Take, for instance, Reeves’ prediction three years ago of stagnation (or worse) for Michael Vick.

The prediction came near the end of the Falcons’ ugly 2003 season, when Reeves was fired. It didn’t matter that the Falcons mostly imploded because of Vick’s broken leg during the preseason. Never mind that the Falcons spent the previous year pulling their Miracle at Green Bay during the playoffs. Or that Reeves led the franchise to its only Super Bowl. Or that he ranks among just six NFL coaches in history with more than 200 victories.

Reeves was outta here. To which he recalled telling Arthur Blank, the Falcons’ new owner at the time, that Vick would suffer the most. “I just felt like he was making a lot of progress and that he was going to be really good, but when Arthur made the decision [to fire me], I told him that it was going to set [Vick] back. I said, ‘You just can’t bring people in with different systems, because it’s going to take time for him to adjust.’ Except for the injury that he suffered, I thought he was progressing pretty well.”

Actually, Vick was progressing extremely well. He even used the momentum from his Reeves days to reach the NFC championship game during the first year of the Jim Mora regime. In fact, 20 of the Falcons’ 22 starters in that championship game were acquired by the Reeves regime. But this is primarily about Vick, a six-year veteran, whose best season came in 2002 during his last full year under Reeves. That was when Vick finished with his highest passer rating (81.6 compared to his current 74.5), had his most passing yards (2,936 compared to his current 1,892 with four games to go) and managed his fewest interceptions (eight compared to his current nine).

Unlike now, Reeves allowed Vick to audible more than once every presidential election year. “Everybody’s different, and it sounds like [Falcons offensive coordinator] Greg Knapp, even when he had Steve Young, his system just doesn’t have the ability to audible. When we had [Vick], we tried to make it where he could adjust.

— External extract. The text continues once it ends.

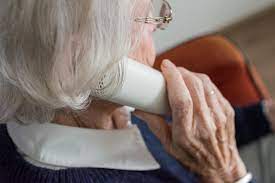 Zdjęcie kolorowe przedstawia starsza kobietę która w ręku przy uchu trzyma słuchawkę od aparatu telefonicznego stacjonarnego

It made your game plan simpler at times, but he did a good job, and we gave him the chance to get out of bad plays.”

Not only that, Reeves helped Vick as a player and as a person with the hiring of a speech coach to smooth out his many rough edges. “He was maturing,” said Reeves, and the way things were going, you had the feeling that the only time Vick would point a finger at the home crowd would be to signal that the Falcons were No. 1. Instead, Vick flashed an obscene gesture last month inside the Georgia Dome toward booing fans after a loss. Said Reeves, “I hated to see it, and he did, too, because he’s not that person. He’s not a confrontational person.”

Neither is Vick “a coach killer,” said Reeves, referring to the older Jim Mora, who agreed when the co-host of his former radio show used that phrase. Added Reeves, “A coach killer is somebody who doesn’t cooperate and tries to back-stab you, and that’s not Mike Vick, and anybody around him knows he’s not that.”

If you haven’t guessed, Reeves still cherishes the guy that he made the first pick overall of the 2001 NFL draft. The old coach works these days as a color analyst on radio for Westwood One, and he studied Vick up close and personal two games ago during the Falcons’ stinging loss to the rival New Orleans Saints. “I didn’t see any separations between receivers and defensive backs for him to throw to,” Reeves said. “To really tell whether Mike’s progressing or not, there’s a lot of things involved. You have to be there every day and determine if he’s doing the things that you’ve asked him to do.”

Vick did those things under Reeves. So did many others.